No vídeo de quase cinco minutos, que foi divulgado na terça-feira, 5, Duarte se mostra emocionado. “Eu te entendo, Migliaccio, porque eu, como você, sou do Teatro de Arena, com Paulo José, Chico de Assis, com o (Gianfrancesco) Guarnieri. Foi lá que aprendemos com o (Augusto) Boal que era preciso, era urgente que se pusesse o brasileiro em cena”.
Lima Duarte complementa que eles conseguiram cumprir essa missão. “A alma brasileira, você foi um mestre. Você conseguiu colocar, e eu também. Colocamos em cena o homem brasileiro. Foi linda essa viagem (…)”, afirmou.
O ator também cita uma fala do personagem Pedro Jáqueras, na peça ‘Os Fuzis da Senhora Carrar’ (1937), de Bertolt Brecht, que aborda a luta dos povos em defesa da democracia e contra o fascismo: “Os que lavam as mãos o fazem numa bacia de sangue”.
A morte de Migliaccio foi confirmada como suicídio por seu único filho, Marcelo, segundo quem o pai estava em depressão profunda desde o ano passado. O ator deixou cartas à família. Migliaccio nasceu no bairro do Brás, no centro de São Paulo, numa família de 17 irmãos -uma delas, Dirce Migliaccio, também atriz.

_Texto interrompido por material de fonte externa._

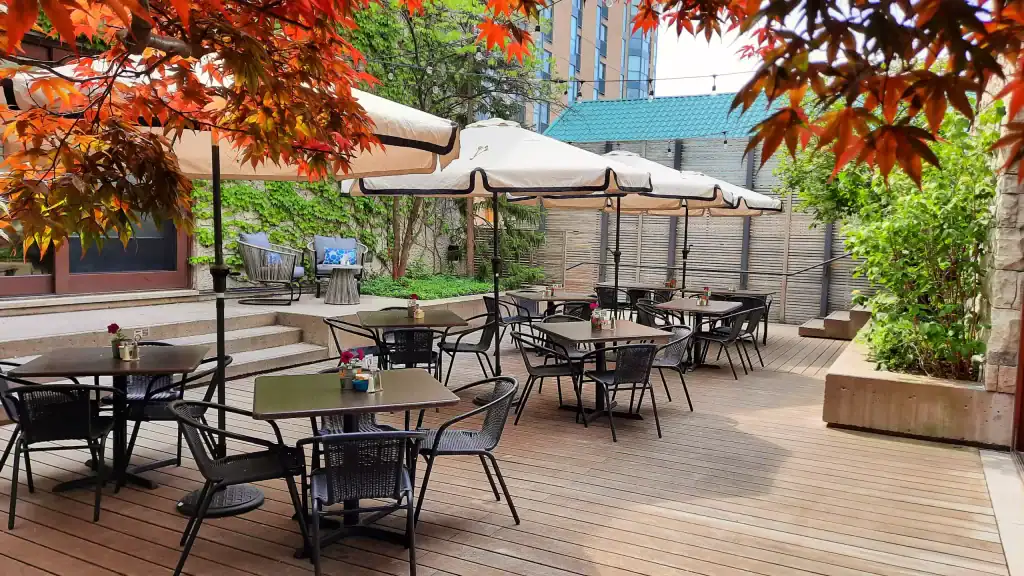 The Lazy Tulip Cafe In Barrie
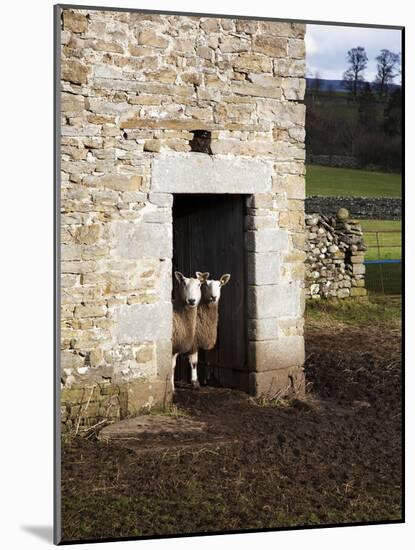 Two Sheep in a Field Barn Near Aysgarth, Yorkshire Dales, England, United Kingdom, Europe-Mark Sunderland-Mounted Photographic Print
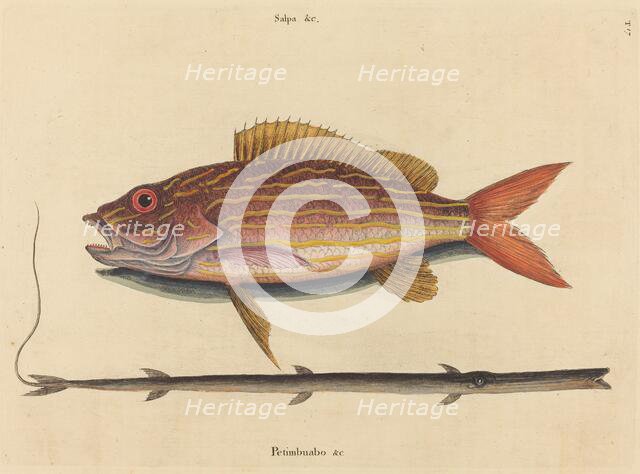 The Lane-snapper (Sparus synagris), published 1731-1743. Creator: Mark Catesby.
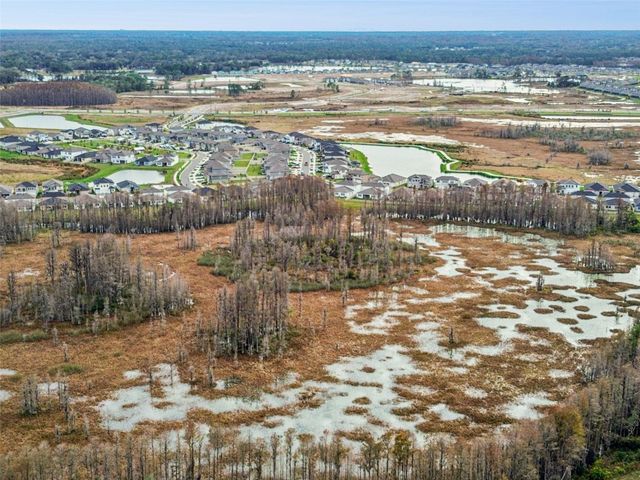 21462 WISTFUL YEARN DRIVE, Land O Lakes, FL 34637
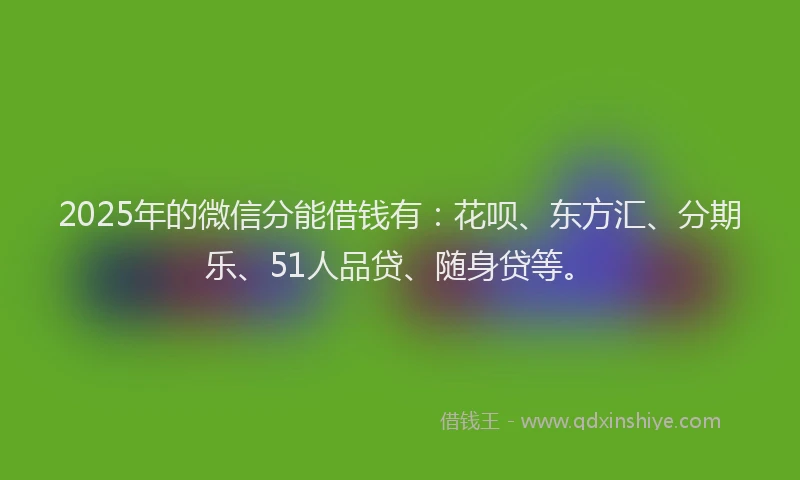 2025年的微信分能借钱有：花呗、东方汇、分期乐、51人品贷、随身贷等。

Marcelo afirmou que irá entrar com processo contra o estado do Rio de Janeiro por divulgar imagens do corpo do ator. As fotos foram tiradas por dois agentes da polícia militar e divulgadas na web pelos autores, segundo o filho do ator. “Quanto aos policiais militares que fotografaram com celular a cena mórbida no quarto do sítio e colocaram a imagem em redes sociais, o estado do Rio de Janeiro responderá judicialmente por ter pessoas assim a representá-lo”, escreveu.

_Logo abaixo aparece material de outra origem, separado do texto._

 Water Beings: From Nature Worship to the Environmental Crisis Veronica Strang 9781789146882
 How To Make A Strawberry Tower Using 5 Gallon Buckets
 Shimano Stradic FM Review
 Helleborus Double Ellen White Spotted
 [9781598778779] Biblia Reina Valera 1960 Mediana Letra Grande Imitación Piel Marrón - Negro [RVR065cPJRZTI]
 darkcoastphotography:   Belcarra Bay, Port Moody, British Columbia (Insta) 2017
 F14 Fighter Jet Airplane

Segundo o advogado da família, Sylvio Guerra, o estado terá que responder pelas acusações de violação ao direito de imagem e vilipêndio a cadáver, previsto no art. 212 do Código Penal.
A assessoria de imprensa da Secretaria de Estado de Polícia Militar do Rio de Janeiro afirmou que “o comandante do 35ºBPM (Itaboraí) instaurou um procedimento apuratório para analisar o caso”.

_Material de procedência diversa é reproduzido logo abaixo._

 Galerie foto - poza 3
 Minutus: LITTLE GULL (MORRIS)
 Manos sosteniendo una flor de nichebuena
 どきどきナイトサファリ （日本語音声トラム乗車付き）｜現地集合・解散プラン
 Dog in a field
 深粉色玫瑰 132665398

Nas várias novelas que fez na Globo, o Migliaccio ficou conhecido por sua atuação, entre outras, em ‘Rainha da Sucata’, ‘A Próxima Vítima’, ‘Vila Madalena’, ‘Senhora do Destino’ e ‘Passione’. Pela última novela de que participou na emissora, ‘Órfãos da Terra’, recebeu o prêmio de ator de TV do ano da Associação Paulista dos Críticos de Arte, a APCA.
Um de seus trabalhos mais recentes de Migliaccio foi no seriado ‘Tapas & Beijos’, que a Globo exibiu de 2011 a 2015, como seu Chalita, dono de um restaurante árabe em Copacabana. Sua última aparição profissional foi, no entanto, no cinema, no longa independente ‘Jovens Polacas’, lançado no ano passado.